Melanoma is classified into several histological subtypes associated with various molecular and clinicopathological characteristics . The most common types of melanoma in Caucasians are found on sun-exposed portions of the skin, such as nodular melanoma and superficial spreading melanoma. In contrast, acral lentiginous melanoma that occurs on non-sun damaged areas is the most common subtype detected in Asians [6, 7]. Chronic sun-damaged forms of melanomas are associated with NRAS, BRAF non-V600E, or KIT mutations, whereas non-sun-damaged melanomas are associated with a predominance of BRAF V600E mutations . Therefore, research on melanoma must take variations among races and subtypes into consideration.
Several multi-institutional clinical trials have indicated a survival benefit of programmed death 1 (PD-1)/programmed death ligand 1 (PD-L1) blocking agents in patients with melanoma [9, 10]. Accordingly, anti-PD-1/PD-L1 therapy has recently become the most important melanoma treatment. The United States Food and Drug Administration (FDA) approved the anti-PD-1/PD-L1 drug nivolumab as the first-line treatment for patients with BRAF wild-type advanced melanoma [11, 12]. PD-1 is an immune inhibitory receptor expressed on activated lymphocytes [13, 14], and interaction with its ligands PD-L1 and PD-L2, which are expressed in both tumor cells (TCs) and immune cells, plays a pivotal role in the tumor's ability to escape from immune attack . Hence, inhibition of the PD-1/PD-L1 axis can be a powerful therapeutic strategy to promote the immune response to invading cancer cells.
Accordingly, detection of PD-L1 expression is an important factor in the decision for administering a PD-1/PD-L1 inhibitor to patients with several types of cancers. The FDA approved PD-L1 immunohistochemistry (IHC) as a companion or complementary diagnostic tool for PD-1/PD-L1 inhibitor therapy in patients with non-small cell lung cancer or urinary bladder cancer. However, currently, PD-1/PD-L1 inhibitors are used in the treatment of melanoma regardless of the specific PD-L1 expression in patients.
Furthermore, PD-L1 expression itself was reported to be significantly correlated with an unfavorable prognosis in various malignancies, including non-small cell lung cancer, colorectal cancer, renal cell carcinoma, and breast cancer [10, 15-17]. However, the prognostic value of PD-L1 expression status in melanoma is controversial [10, 18]. Several recent studies have indicated the prognostic significance of PD-L1 expression in not only TCs but also in tumor infiltrating lymphocytes (TILs) [19, 20].

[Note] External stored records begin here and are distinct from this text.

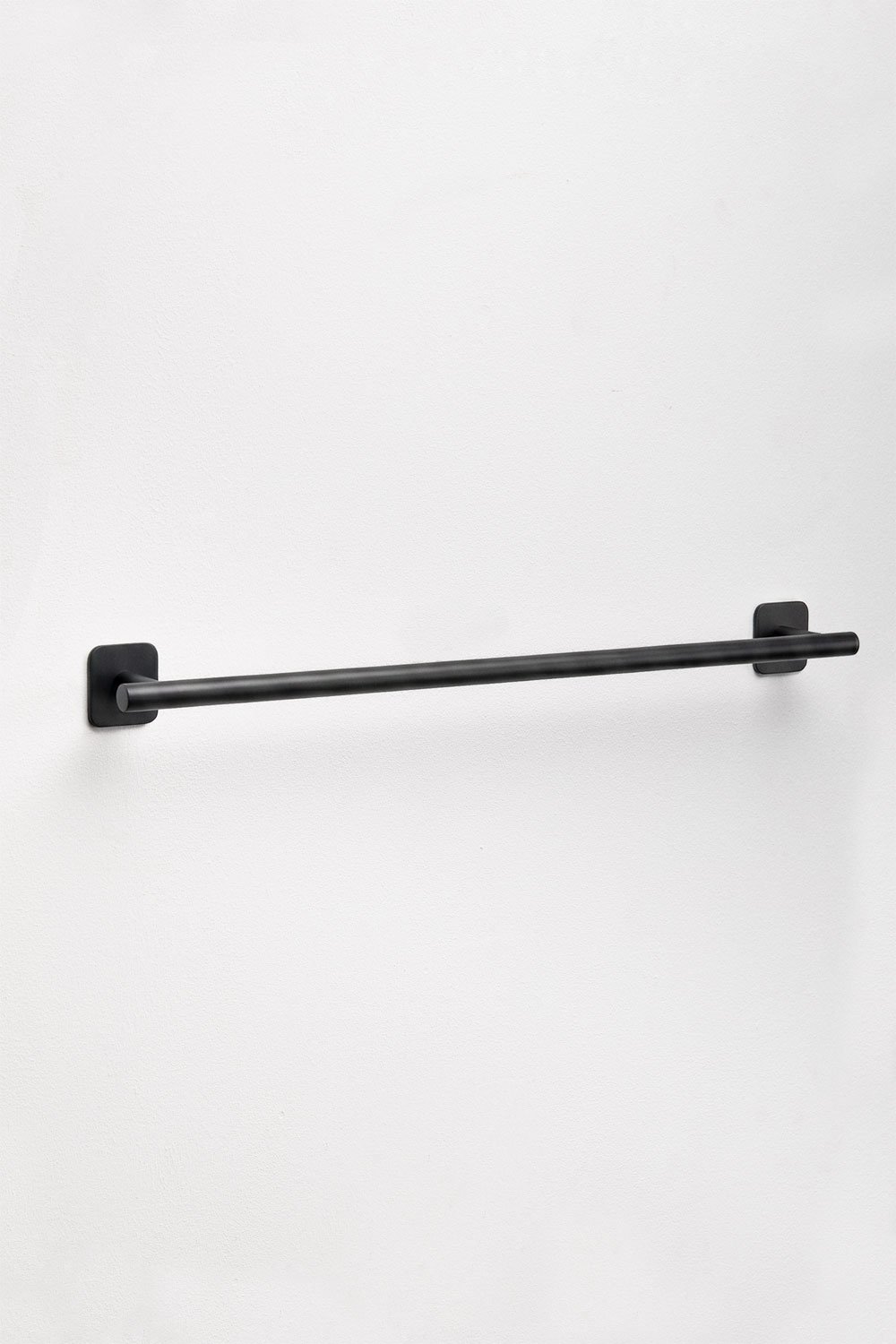 Porte-serviettes mural adhésif avec barre 60 cm pour salle de bain en acier inoxydable noir mat Ondreli, image de la galerie 3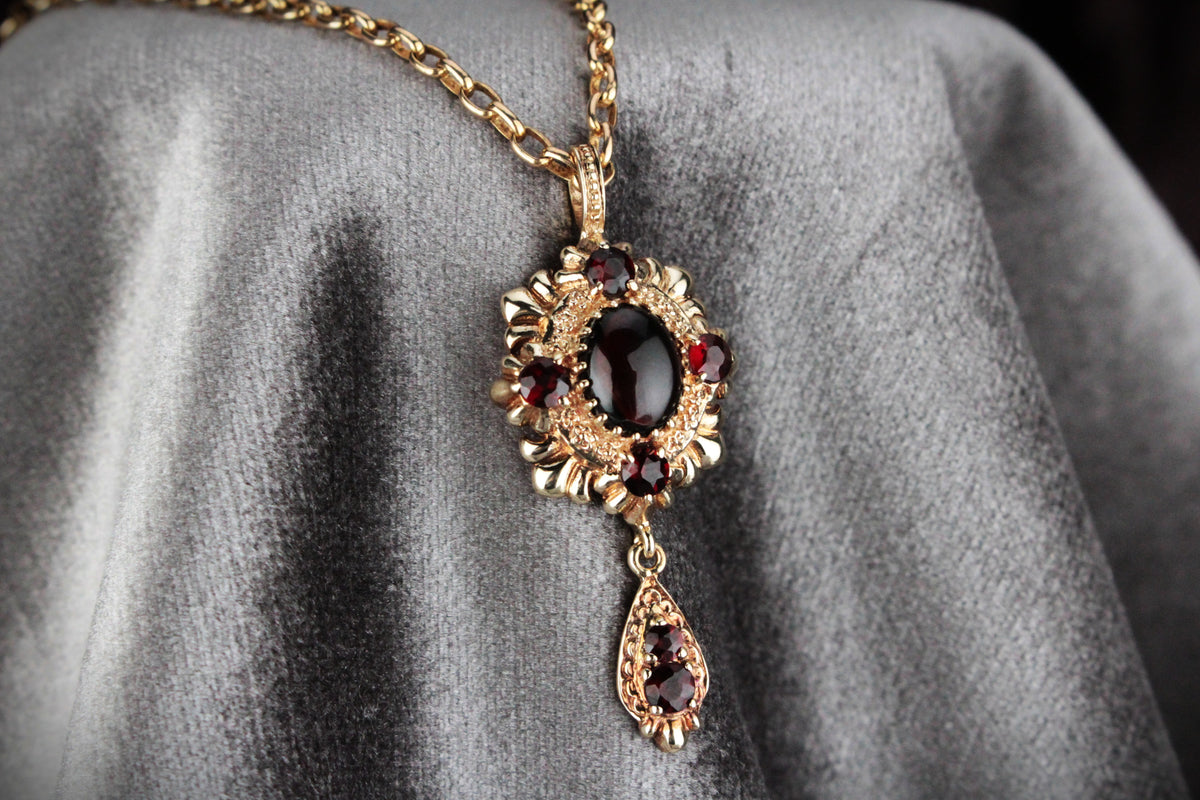VINTAGE GARNET PENDANT IN 9ct GOLD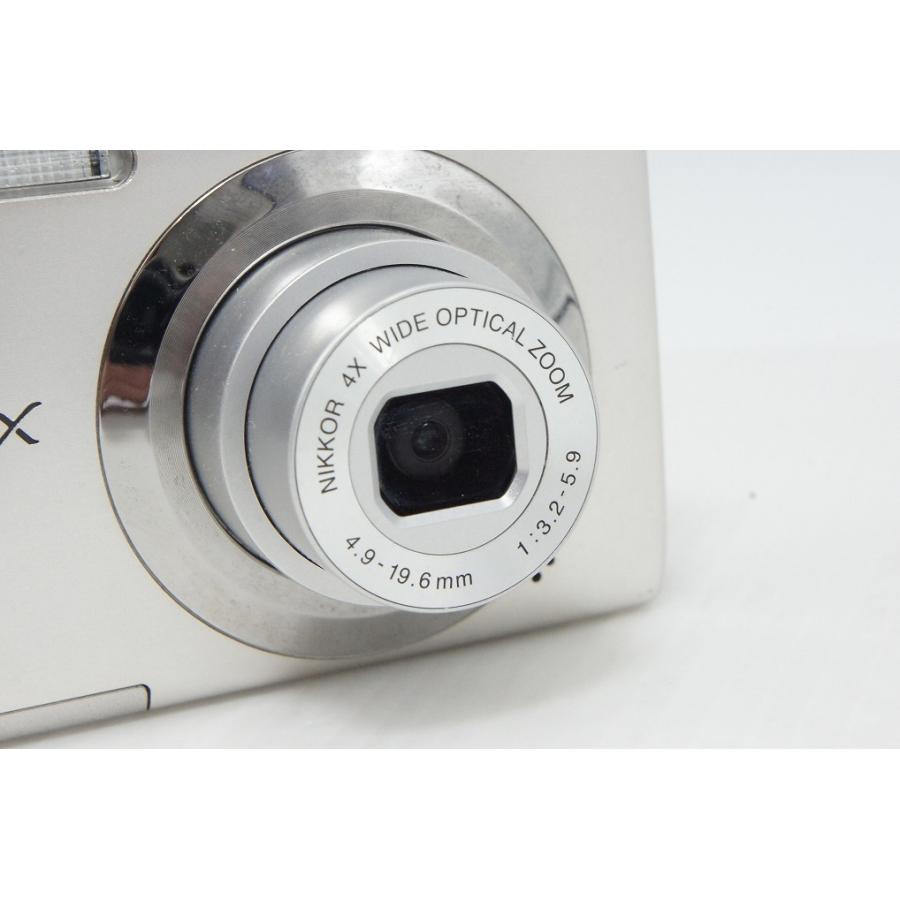 ニコン（Nikon） COOLPIX S3000 コンパクトデジタルカメラ シルバー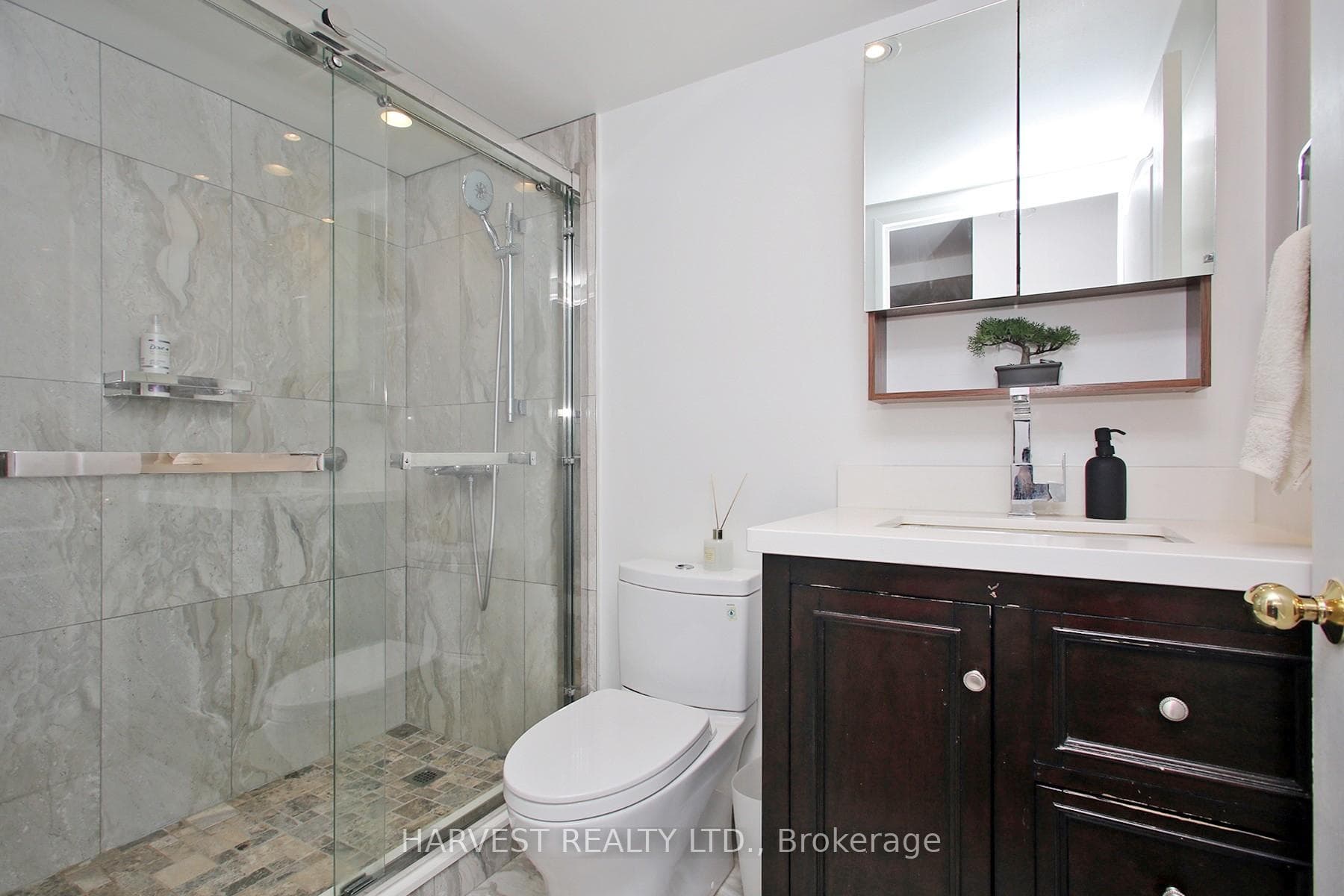 1402- 7 Townsgate Drive — property photo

Even if PD-L1 expression is not correlated with the response to PD-1/PD-L1 inhibitors in melanoma patients, it is still necessary to precisely assess the potential clinical role of PD-L1 expression in melanoma. Therefore, in the present study, we evaluated the PD-L1 status in Korean melanoma patients using an FDA-approved antibody (22C3; Dako, Carpentaria, CA, USA) as well as another commercially available PD-L1 antibody (E1L3N; 1:50, Cell Signaling Technology, Danvers, MA, USA). The PD-L1 expression status was quantified using a scoring system specific to melanoma with relation to its expression on both TCs and/or TILs .
A total of 63 patients diagnosed with malignant melanoma from March 2006 to February 2013 at Seoul National University Bundang Hospital were enrolled in this study. Thirty-six (57.1%) patients underwent surgical excision and 27 (42.9%) patients underwent punch biopsy. All cases were classified based on histologic type such as acral lentiginous, nodular, and other melanoma subtypes. Patients who had preoperative chemo-radiation therapy were excluded from the study. Clinical information and pathologic characteristics were compiled from medical and pathologic records. The assessment of clinical nodal and metastasis stage was determined in 58 cases based on the radiologic and pathologic evaluation. The clinical stage could not be determined for seven cases due to follow-up loss and refusal of further radiologic evaluation.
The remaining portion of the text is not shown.